CAT/C/66/D/749/2016
The complaint
3.1
The complainant claims that, if returned to Sri Lanka, he will be at risk of treatment
in violation of article 3 of the Convention. He submits that he is fleeing the arbitrary actions
of a high-ranking Sri Lankan politician and that internal relocation is not an option for a
person at real risk from Sri Lankan members and “thugs” of the United People’s Freedom
Party Alliance. The country is small, and the political networks of this party cover the
whole country.
3.2
The complainant fears that, in addition, as an involuntary returnee who has lived
among the Tamil diaspora in Australia for the last five years, he will be targeted by the Sri
Lankan authorities for interrogation about his activities and associates in Australia. He fears
that during this process, he will be tortured and treated in an inhuman, cruel and degrading
manner.
State party’s observations on admissibility and the merits
4.1
On 6 October 2016, the State party submitted its observations on admissibility and
the merits of the complaint, stating that the complainant’s claims were inadmissible due to
non-exhaustion of domestic remedies and as manifestly unfounded. If the Committee
considers the complaint admissible, the State party submits that it is without merit because
the author failed to support his allegations by providing sufficient evidence that he would
be at present and personal risk of torture upon return to Sri Lanka.
4.2
The State party submits that the complainant has not exhausted domestic remedies
under article 22 (5) (b) of the Convention and the Committee’s rules of procedure (rules 97
(c) and 113 (e)).
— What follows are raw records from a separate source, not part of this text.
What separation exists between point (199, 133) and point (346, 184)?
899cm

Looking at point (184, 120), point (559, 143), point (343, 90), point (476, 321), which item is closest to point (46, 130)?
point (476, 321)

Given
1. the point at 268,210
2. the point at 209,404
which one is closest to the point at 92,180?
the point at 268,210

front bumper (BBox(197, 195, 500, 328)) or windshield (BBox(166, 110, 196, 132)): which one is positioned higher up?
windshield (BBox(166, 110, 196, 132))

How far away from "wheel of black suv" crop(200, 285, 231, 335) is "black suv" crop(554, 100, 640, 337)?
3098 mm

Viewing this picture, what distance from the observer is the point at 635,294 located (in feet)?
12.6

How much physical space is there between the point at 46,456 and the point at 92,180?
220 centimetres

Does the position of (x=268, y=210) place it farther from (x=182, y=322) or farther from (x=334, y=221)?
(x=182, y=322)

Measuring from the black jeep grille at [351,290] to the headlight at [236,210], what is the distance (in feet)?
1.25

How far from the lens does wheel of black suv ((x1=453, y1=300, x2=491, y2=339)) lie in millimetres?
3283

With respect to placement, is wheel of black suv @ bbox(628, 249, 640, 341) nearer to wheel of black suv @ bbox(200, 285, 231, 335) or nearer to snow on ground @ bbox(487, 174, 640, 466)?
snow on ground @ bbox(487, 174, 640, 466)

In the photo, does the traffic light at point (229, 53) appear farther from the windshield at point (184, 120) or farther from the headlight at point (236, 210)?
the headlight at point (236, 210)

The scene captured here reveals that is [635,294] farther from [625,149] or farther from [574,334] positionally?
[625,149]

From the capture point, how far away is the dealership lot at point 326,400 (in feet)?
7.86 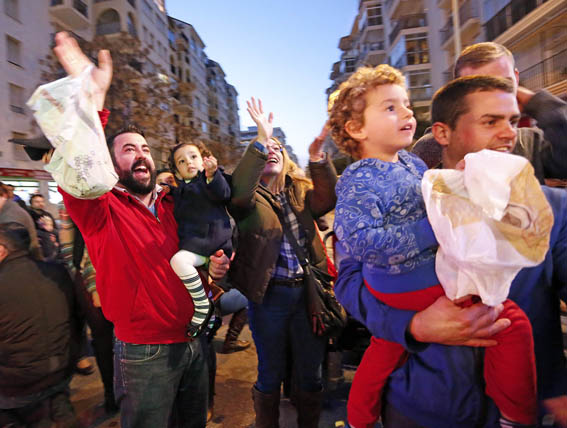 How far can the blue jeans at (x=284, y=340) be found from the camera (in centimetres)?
240

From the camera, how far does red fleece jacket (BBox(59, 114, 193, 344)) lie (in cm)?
185

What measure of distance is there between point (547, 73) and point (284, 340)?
17850 mm

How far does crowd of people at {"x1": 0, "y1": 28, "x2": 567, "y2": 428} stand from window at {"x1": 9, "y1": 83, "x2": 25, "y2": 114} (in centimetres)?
1885

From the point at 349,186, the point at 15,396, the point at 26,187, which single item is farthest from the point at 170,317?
the point at 26,187

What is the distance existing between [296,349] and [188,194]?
1294 millimetres

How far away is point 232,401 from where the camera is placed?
11.2ft

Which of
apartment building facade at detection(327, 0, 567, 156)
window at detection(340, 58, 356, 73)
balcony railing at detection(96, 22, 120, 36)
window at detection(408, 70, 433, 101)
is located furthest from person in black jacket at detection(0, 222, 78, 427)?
window at detection(340, 58, 356, 73)

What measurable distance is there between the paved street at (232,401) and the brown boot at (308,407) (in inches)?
21.4

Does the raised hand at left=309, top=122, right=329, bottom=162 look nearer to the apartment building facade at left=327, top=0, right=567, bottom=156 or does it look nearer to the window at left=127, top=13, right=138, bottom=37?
the apartment building facade at left=327, top=0, right=567, bottom=156

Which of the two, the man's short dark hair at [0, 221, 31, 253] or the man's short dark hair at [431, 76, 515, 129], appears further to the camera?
the man's short dark hair at [0, 221, 31, 253]

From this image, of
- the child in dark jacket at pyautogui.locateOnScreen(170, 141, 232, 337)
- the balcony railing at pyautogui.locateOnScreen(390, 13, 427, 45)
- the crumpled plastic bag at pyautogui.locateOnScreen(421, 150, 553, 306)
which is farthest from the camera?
the balcony railing at pyautogui.locateOnScreen(390, 13, 427, 45)

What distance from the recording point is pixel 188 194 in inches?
84.9

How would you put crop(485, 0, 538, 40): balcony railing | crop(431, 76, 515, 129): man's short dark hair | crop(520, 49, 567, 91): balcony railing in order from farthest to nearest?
crop(485, 0, 538, 40): balcony railing, crop(520, 49, 567, 91): balcony railing, crop(431, 76, 515, 129): man's short dark hair

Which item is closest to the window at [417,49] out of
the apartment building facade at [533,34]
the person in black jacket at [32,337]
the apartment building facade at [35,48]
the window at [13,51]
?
the apartment building facade at [533,34] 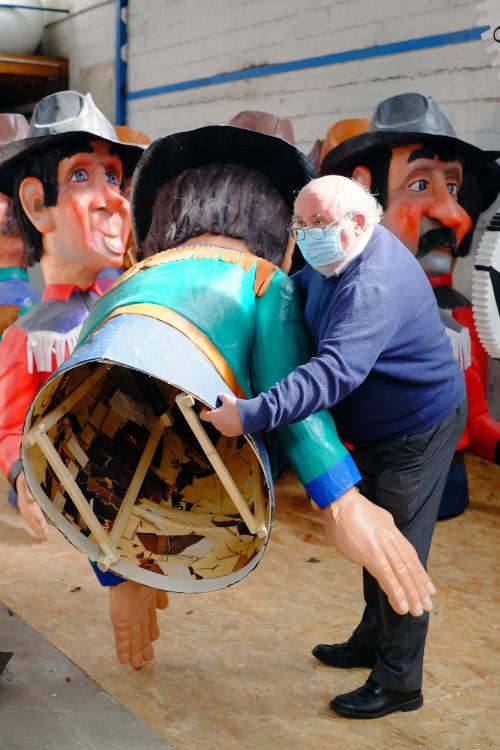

He withdrew his application to the Federal Circuit Court on 8 March 2016,
allegedly acting upon the advice of his legal counsel that the case had no “reasonable
prospects of success”. The complainant has consequently not exhausted all domestic
remedies available to him in the form of judicial review (in either the Federal Circuit Court
or, potentially, the Federal Court of Australia and the High Court).
4.3
The State party submits that the complainant’s claims are manifestly unfounded and
he has failed to establish a prima facie case for the purpose of admissibility. It notes that the
complainant’s claims have been thoroughly considered by several domestic decision
makers and found not to engage the country’s non-refoulement obligations under the
Convention. The State party argues that the claims regarding cruel, inhuman or degrading
treatment or punishment raised by the complainant do not fall under the definition of torture
provided in article 1 of the Convention. Therefore, they are outside of the scope of the State
party’s non-refoulement obligations under article 3 of the Convention and should be
dismissed as inadmissible. The complainant has not provided any new claims or evidence
in his submissions to the Committee that have not already been considered by the domestic
administrative and judicial processes, and the State party asks the Committee to accept that
these claims have been thoroughly assessed through the domestic process.
4.4
The State party refers to the Committee’s statement in its general comment No. 1
(1997) on the implementation of article 3 in the context of article 22 1 that, as it is not an
appellate or judicial body, it gives considerable weight to findings of fact that are made by
organs of a State party. The State party asks the Committee to give such weight to the
finding of its domestic processes that the claims of the complainant are without merit and
should be dismissed.
4.5
On the merits of the communication, the State party summarizes each step of the
process undertaken by the complainant and submits that the decisions taken in his case
were based on personal interviews and available country information. The decision maker
who reviewed his protection visa application did not accept that the complainant had been
kidnapped on 7 April 2010. The decision maker accepted that the complainant’s name was
included as part of a non-aligned independent group taking part in the 2010 parliamentary
elections. However, because the complainant was one of 451 candidates in his electoral
1
GE.19-14946
Replaced by general comment No. 4 (2017).